What if a pollster provides multiple versions of their poll — e.g. with or without third party candidates included, or different versions for registered and likely voters? When these situations arise:

(i) I will use the registered voter version until the first Presidential debate. After that, I will use the likely voter version;

(ii) I use the version with third-party candidates included if (i) they have officially announced their candidacy, and (ii) they are on the ballot in that state.

(iii) If a pollster lists separate results with and without ‘leaners’ (people who are initially uncommitted but pick a candidate after prompting), I use the version with leaners.

Step 2. The Trendline Adjustment.

What is the purpose of the trendline adjustment? Polling data comes out in different increments in different states. Some states are polled frequently, while others are only polled only occasionally. The trendline adjustment is an effort to correct for this problem by using polling movement in states that have been polled recently to adjust the data in states that have not been.

In addition, the trendline adjustment can account for what I refer to as ‘timing bias’. If a particular state is polled in the midst of a bounced cause by something like the conventions, such pollig may reflect only a temporary, near-term fluctuation rather than the longer-term demographic reality.

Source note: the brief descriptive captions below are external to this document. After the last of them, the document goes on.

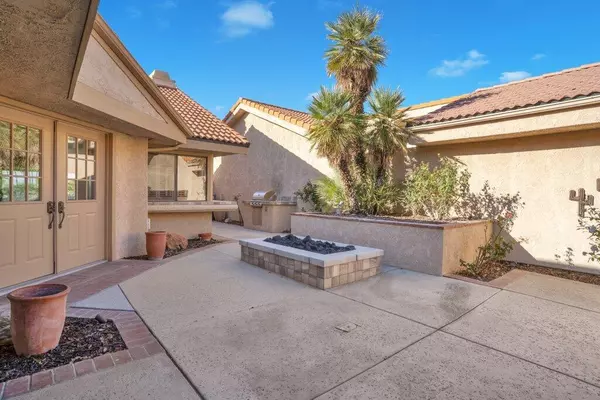 Palm Desert, CA 92260,5 Acapulco Drive DR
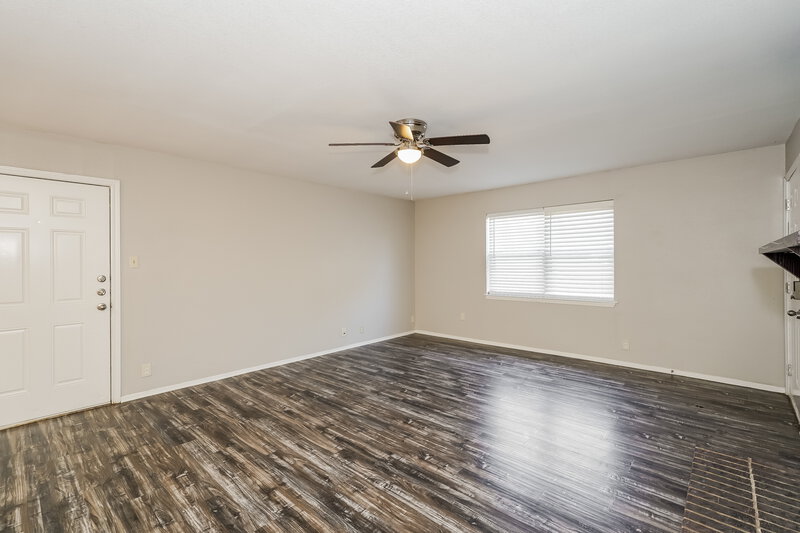 1,650/Mo, 1008 Autumn Oak Dr Denton, TX 76209 Living Room View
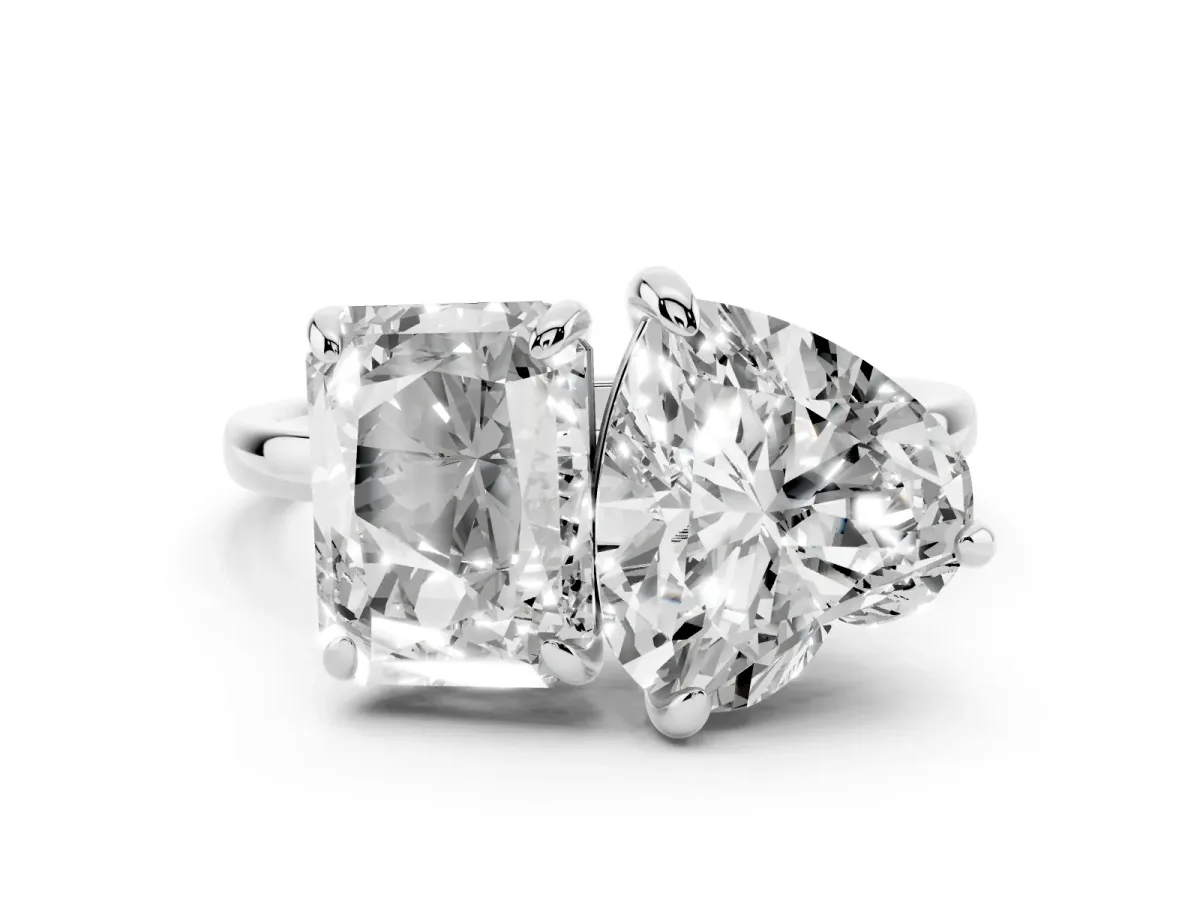Radiant and Heart Toi Moi Ring with Prong Setting and Plain Band White gold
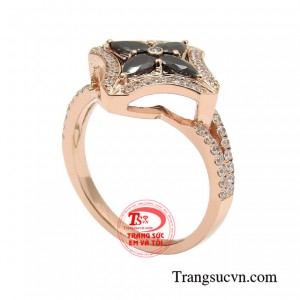 Trang sức vàng hồng hiện đang làm mưa làm gió được giới trẻ đặc biệt ưa chuộng.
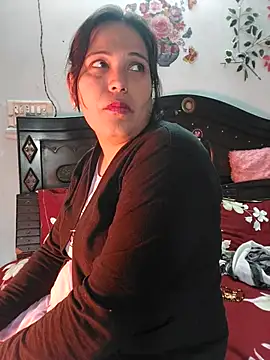 Poojabhabi101 online show from January 2026 06:18:01 AM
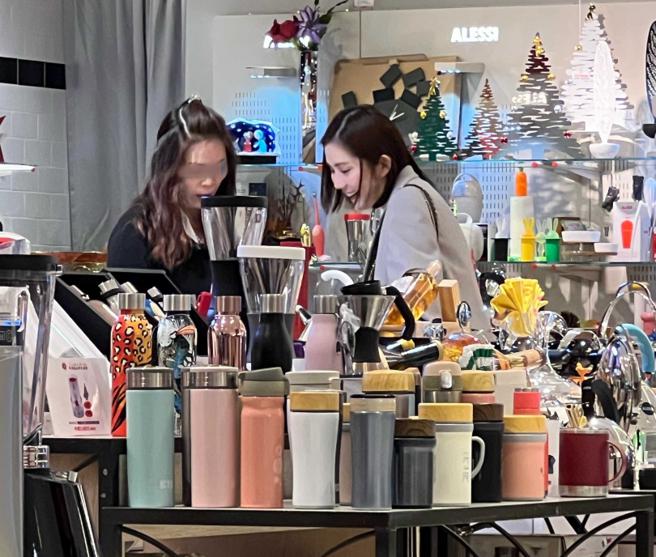 王宇婕似乎是買到變熟客，跟家飾品櫃姐互動很熱絡。（圖／讀者提供）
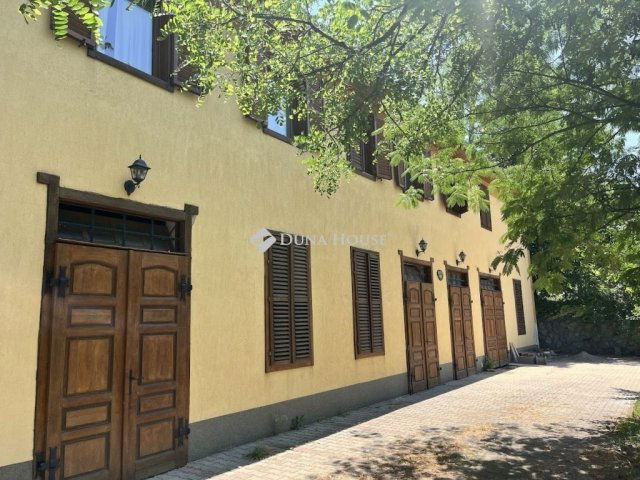 Eladó hotel, Bólyban 220 M Ft, 9 szobás / költözzbe.hu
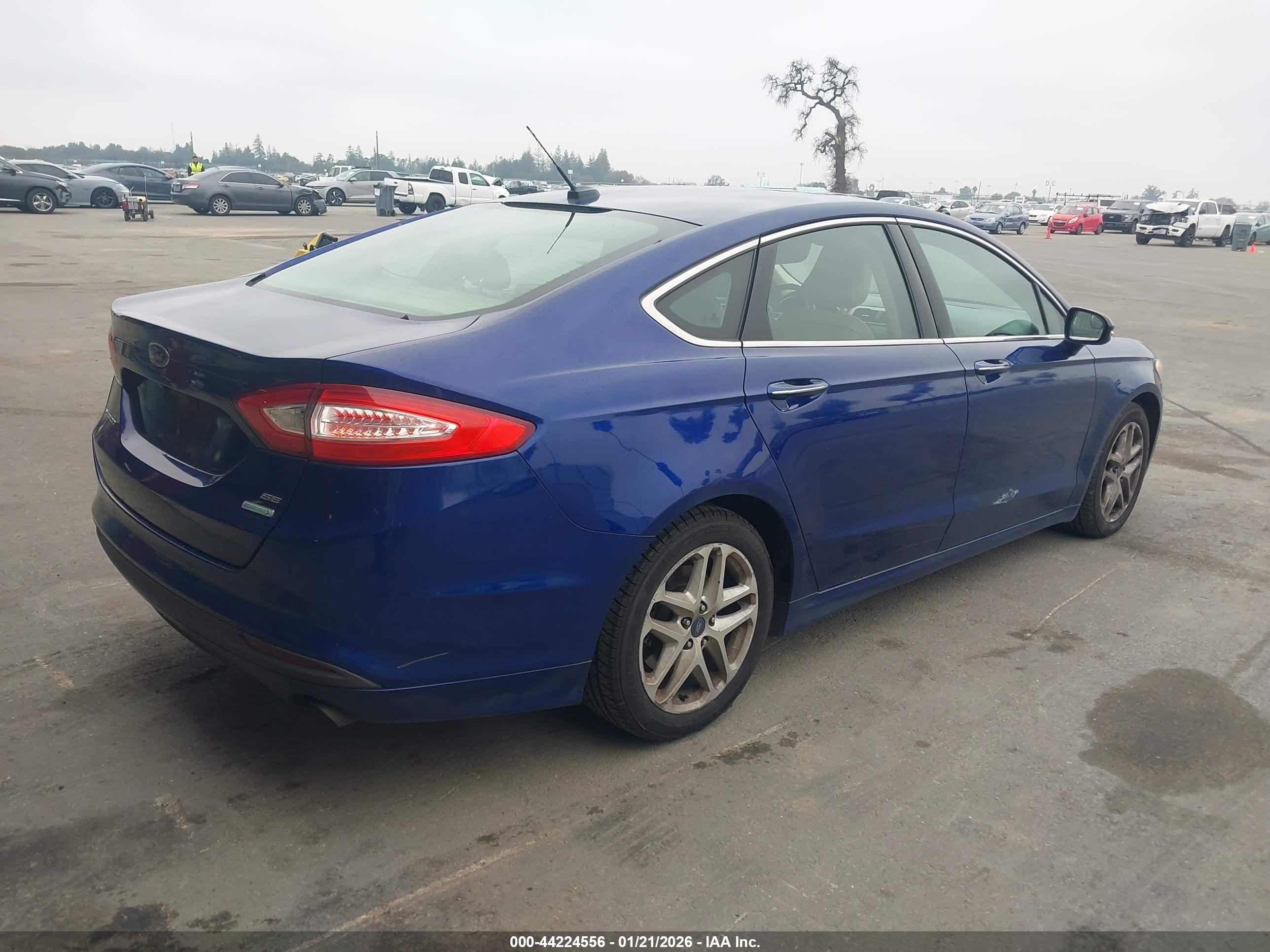 FORD FUSION image 4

To take a more concrete example, suppose that Virginia was last polled in the weekend prior to the Democratic convention, and that poll showed John McCain ahead by 2 points. Suppose also that North Carolina was last polled in the weekend following the Democratic convention, and that poll showed Barack Obama ahead by 4 points. Looking at these two polls might give the impression that North Carolina is a better state for Barack Obama than Virginia. But depending on the size of Obama’s convention bounce, this could entirely be an artifact of when the respective polls were conducted. The trendline adjustment attempts to correct for this.

How does the trendline adjustment work? In plain English, we look at movement in the polling in recently-polled states and in national polls to predict movement in other states. For example, if there are new polls conducted in Massachusetts and Connecticut showing the Democratic candidate gaining 5 points, we can probably also infer that the candidate’s numbers have improved by about 5 points in Rhode Island.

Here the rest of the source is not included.